# ACTIVITY:
Please give the whole listing again exactly, without any of its pictures.
---
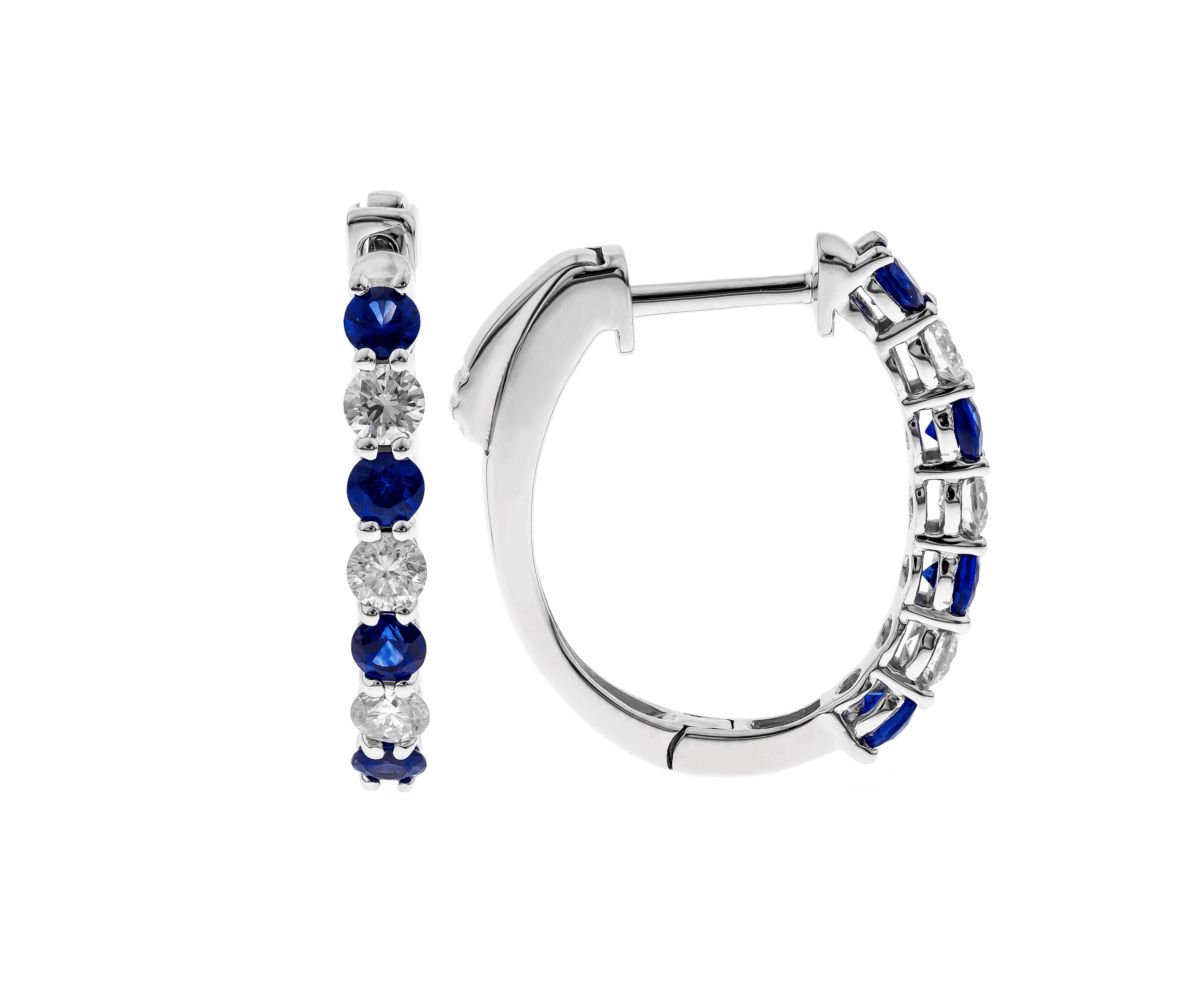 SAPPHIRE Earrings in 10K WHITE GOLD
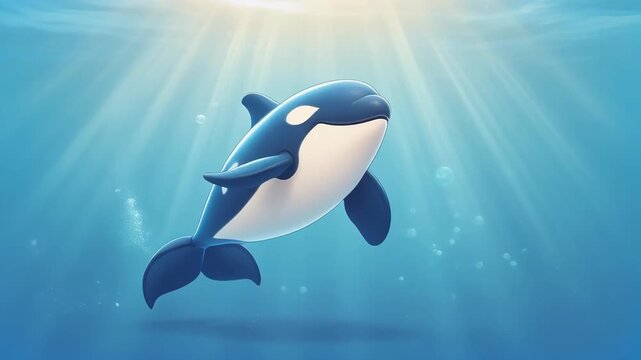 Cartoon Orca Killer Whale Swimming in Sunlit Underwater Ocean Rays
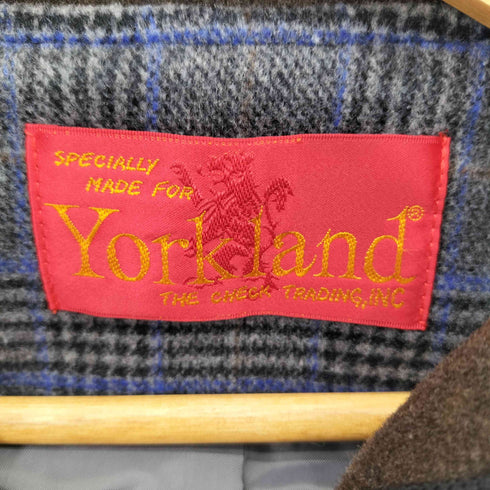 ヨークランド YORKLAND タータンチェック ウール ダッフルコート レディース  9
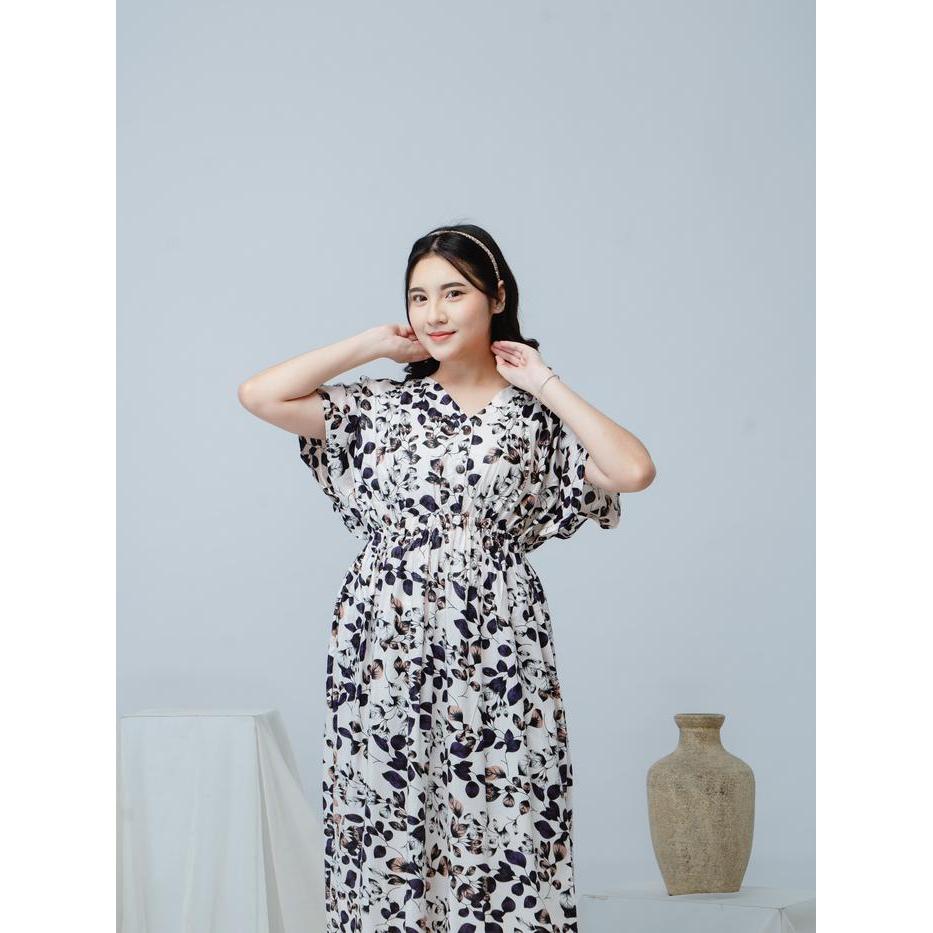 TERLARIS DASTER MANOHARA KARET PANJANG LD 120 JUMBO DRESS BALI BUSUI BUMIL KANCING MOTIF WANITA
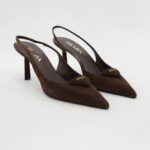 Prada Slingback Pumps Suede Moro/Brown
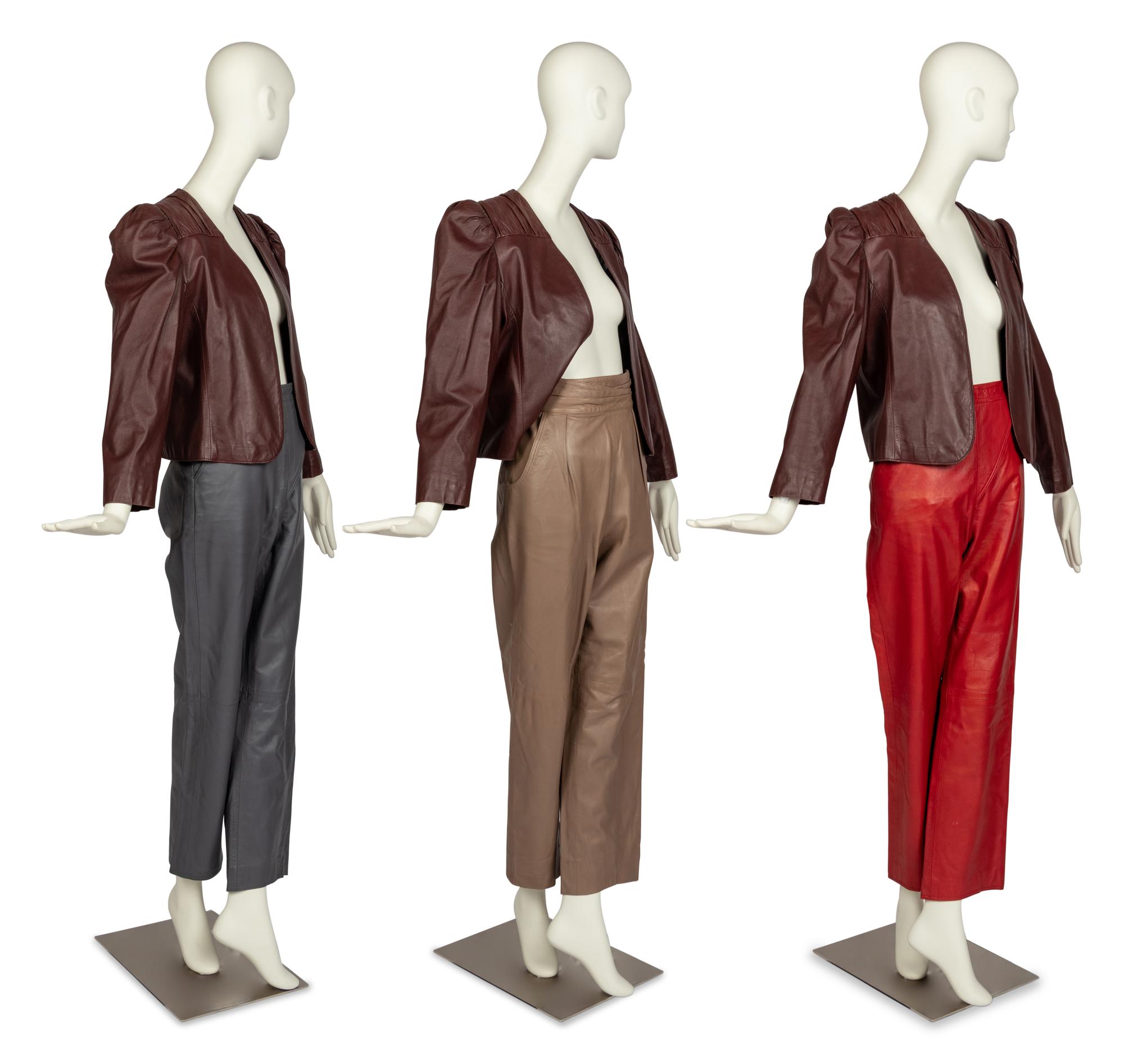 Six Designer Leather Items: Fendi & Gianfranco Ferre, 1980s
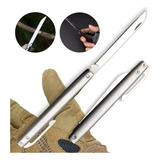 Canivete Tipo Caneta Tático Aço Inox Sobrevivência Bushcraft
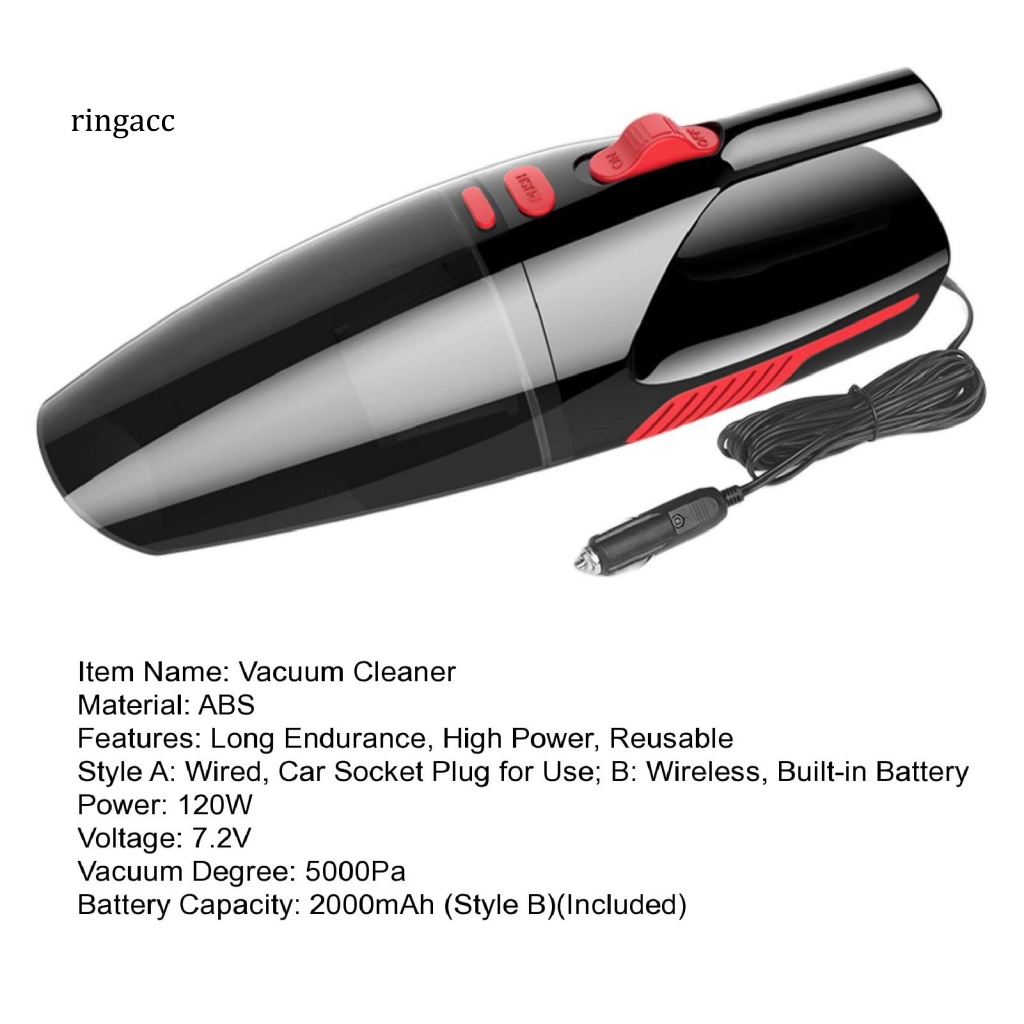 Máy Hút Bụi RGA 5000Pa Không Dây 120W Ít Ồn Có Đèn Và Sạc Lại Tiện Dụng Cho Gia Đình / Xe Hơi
---
# ANSWER AREA:
 SAPPHIRE Earrings in 10K WHITE GOLD
 Cartoon Orca Killer Whale Swimming in Sunlit Underwater Ocean Rays
 ヨークランド YORKLAND タータンチェック ウール ダッフルコート レディース  9
 TERLARIS DASTER MANOHARA KARET PANJANG LD 120 JUMBO DRESS BALI BUSUI BUMIL KANCING MOTIF WANITA
 Prada Slingback Pumps Suede Moro/Brown
 Six Designer Leather Items: Fendi & Gianfranco Ferre, 1980s
 Canivete Tipo Caneta Tático Aço Inox Sobrevivência Bushcraft
 Máy Hút Bụi RGA 5000Pa Không Dây 120W Ít Ồn Có Đèn Và Sạc Lại Tiện Dụng Cho Gia Đình / Xe Hơi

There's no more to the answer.